Before making its way to the screen, In the Heights was a stage musical that had a successful run on Broadway, garnering multiple Tony Awards in the process. The film’s theatrical origins are evidenced in the multiple dance numbers, which see row after row of performers eagerly singing along with the protagonists and moving in-time to the soundtrack, not unlike they would in the blockbuster musicals of decades past. The choreography is nothing short of sublime, outdoing most contemporary films for energy and timing.
In further recognition of its beginnings on the stage, the film boasts having members of the original Broadway cast, including Miranda himself – although he’s widely known for fronting the projects he oversees, on this occasion Lin-Manuel is taking a backseat, appearing only intermittently as a street vendor. Of the veteran performers, Olga Merediz is the undisputed standout as Claudia, the community’s honorary Abuela, or grandmother; she plays her role with warmth, spirit and grace, and makes it’s impossible not to be moved by her number “Paciencia y Fe”.
Also impressive are the younger cast members, who never let their lack of experience sour their respective performances.

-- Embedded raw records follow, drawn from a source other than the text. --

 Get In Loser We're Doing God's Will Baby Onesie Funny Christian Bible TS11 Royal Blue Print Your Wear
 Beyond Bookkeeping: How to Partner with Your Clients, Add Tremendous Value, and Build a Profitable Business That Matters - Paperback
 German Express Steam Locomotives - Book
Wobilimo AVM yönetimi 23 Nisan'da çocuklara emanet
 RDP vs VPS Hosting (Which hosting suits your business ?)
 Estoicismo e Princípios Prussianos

Anthony Ramos is solid as the film’s lead and narrator, showing remarkable assuredness for somebody who has never headlined a blockbuster before; Gregory Diaz IV looks equally confident as Usnavi’s teenage protégé Sonny, proving a charm throughout; and Corey Hawkins, who is usually tasked with portraying macho figures, comfortably shows off his softer personality in the role of Benny.

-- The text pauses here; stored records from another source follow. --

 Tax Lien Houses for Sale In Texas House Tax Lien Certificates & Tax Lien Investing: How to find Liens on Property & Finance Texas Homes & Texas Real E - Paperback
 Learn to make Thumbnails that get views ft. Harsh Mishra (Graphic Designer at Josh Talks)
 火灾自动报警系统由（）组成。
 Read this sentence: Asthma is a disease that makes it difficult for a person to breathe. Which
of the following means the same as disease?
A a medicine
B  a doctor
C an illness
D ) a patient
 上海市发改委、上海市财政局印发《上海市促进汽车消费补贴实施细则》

Each of these characters (and many more besides) have their own motivations and conflicts to contend with, thereby requiring the film to juggle multiple plotlines, which it does adeptly. Ample time is afforded to every protagonist, none of whom ever overstay their welcome and all of whom have struggles that viewers can relate to and identify with – even those without a migrant background. Welcomely, In the Heights reflects on the broader challenges faced by New Yorkers too, including gentrification and the lack of rights for migrants.
The main drawcard of a musical is, of course, the music; but weirdly, this is an area where In the Heights falters. While the songs are pleasant enough, they aren’t particularly catchy or melodic, meaning they are unlikely to stick in one’s head once the film is over; the prevalence of rapping in soundtrack is another hitch, being impressive initially yet becoming tiresome not long after. (It’s a fault not uncommon to contemporary musicals, with La La Land, The Greatest Showman and A Star is Born all contending with a similar problem.)

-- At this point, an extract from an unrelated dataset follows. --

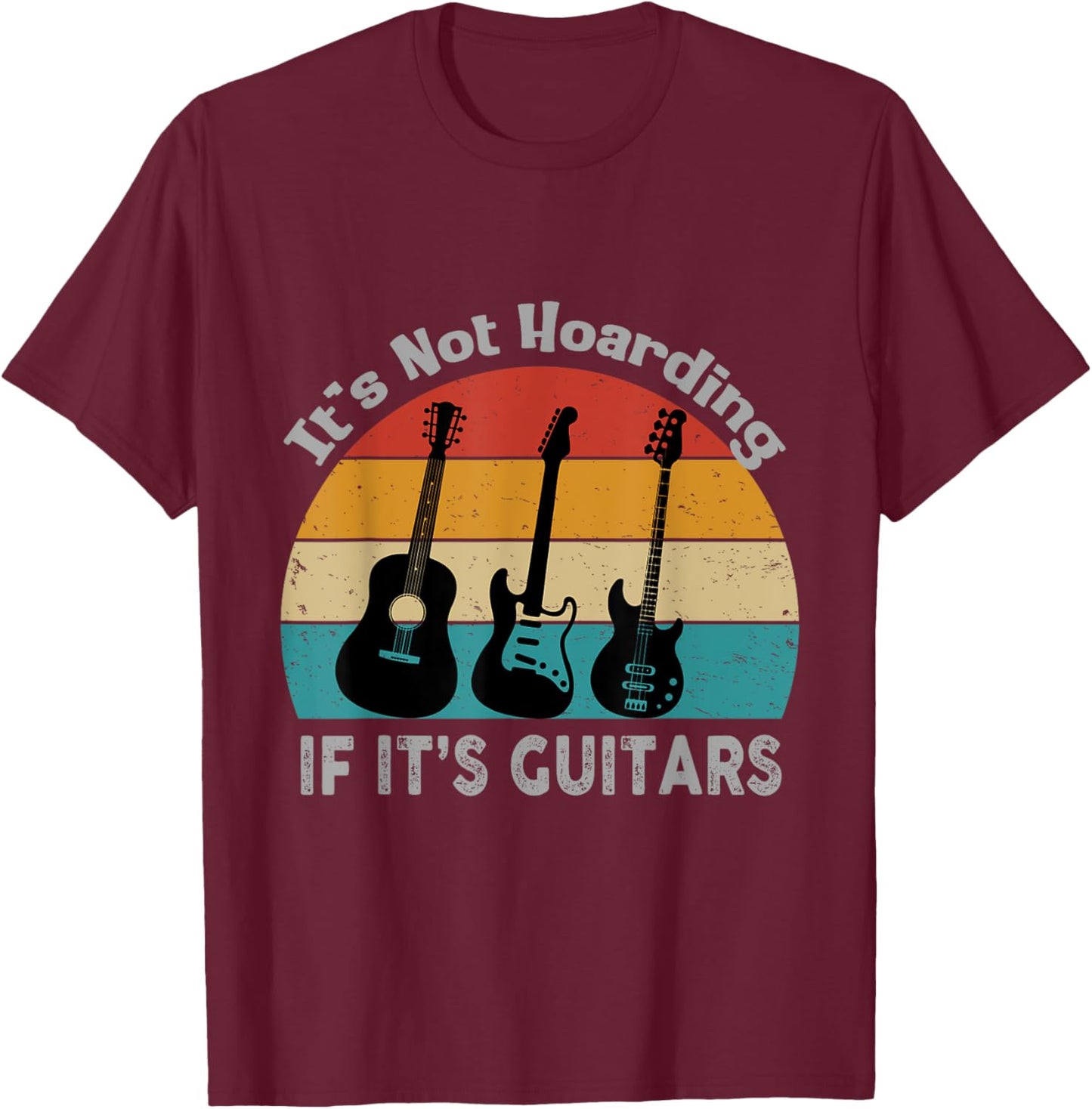 It's Not Hoarding If Its Guitars Vintage Sunset T-Shirt - T-Shirt | Maroon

A smaller issue to be had with In the Heights is the prevalence of Spanish in both the songs and the dialogue. This won’t be bothersome for audiences in the Americas or parts of Europe; but for those who aren’t the least bit fluent in Spanish (i.e. yours truly) trouble will be had comprehending what the characters are saying. There’s many a scene in the movie that would benefit from the application of subtitles, which in this instance would be less of a one-inch-tall barrier and instead an informative tool for the Gringos of the world.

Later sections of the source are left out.